Mark and Kate's narratives unfold in alternating chapters, authored by Levithan and LaCour, respectively. I see from an interview with LaCour that their collaboration was like that game where one person says a sentence or a piece of a story, and the next person in the circle has to follow from there. Not really a collaboration, then but a your turn/my turn, trying to match one another's tones and visions. I see Levithan likes to co-author books, which I think is all kinds of sweet.
The voices resonate well enough that I didn't know until I looked at interview that the authors didn't write the whole thing together.
It being Pride week, there are parts of the story that come together all-too magically, like artistic success, the appearance of a fairy godfather, instant BFFs, instant soulmates, but you don't mind, because it's YA, and you're not reading it for layers of complexity and punishing realism. That's not to say that there aren't age-apt sophisticated language and imagery. Mark observes, "There are some guys at the party who look like what my dad wold like like if he wore lots of leather, and there are others who look like they're auditioning for selfies. Everyone's sentences crash together to make this gigantic noise, and my thoughts overlap so much that all I can feel is their loudness."
At the same time Kate is dealing with a BFF, with whom she is not in love, nor possibly even in like just now. Lehna refuses to give up calling Kate "Katie."
When you're friends with someone for such a long time, it's easy to feel like she belongs to you, like the version of the person who you became friends with is the only real version."
That's the heart of Kate's struggle, trying to figure out who she is, giving up everyone else's expectations and visions of her identity, an identity she never even chose herself. "I never chose to be called Katie. As far as I know, that's what my parents called me the moment I popped out, and I never even thought of the other possibilities until recently."
Unlike Kate, I threw out my given name by the age of nine. It's not even on my passport, but I deeply identify with Kate's struggle to throw out her expected behavior.

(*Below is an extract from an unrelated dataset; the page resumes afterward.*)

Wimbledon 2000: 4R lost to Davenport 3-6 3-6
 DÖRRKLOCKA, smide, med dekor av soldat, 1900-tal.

I'm never the difficult one who vetoes the restaurant choice or doesn't want to go to the movie because I've seen it already. There is always soemthing to like on a menu, some new meaning to glean in a film. Maybe the fact that I'm easy is the reason I'm their friend.
Okay, maybe I won't go to a restaurant that has nothing vegetarian on the menu, and I'm too cheap to pay to see a movie twice unless I really love it, but in general, with friends and family, I'm easy. I don't know if that's out of a fear of being replaced, like Kate's or what.
I dogeared one more page in a Kate chapter, where she's talking about why older folks at Pride take to them, want to get to know these clueless teens. I'm not sure I agree with it, but Kate feels like their elders enjoy the drama in the teens' lives, the passion that goes away as one gets used to heartbreak and inured to all the emotion teens experience.
You Know Me Well is a sweet read. I was glad to spend time with the protags and bought where and how they ended up.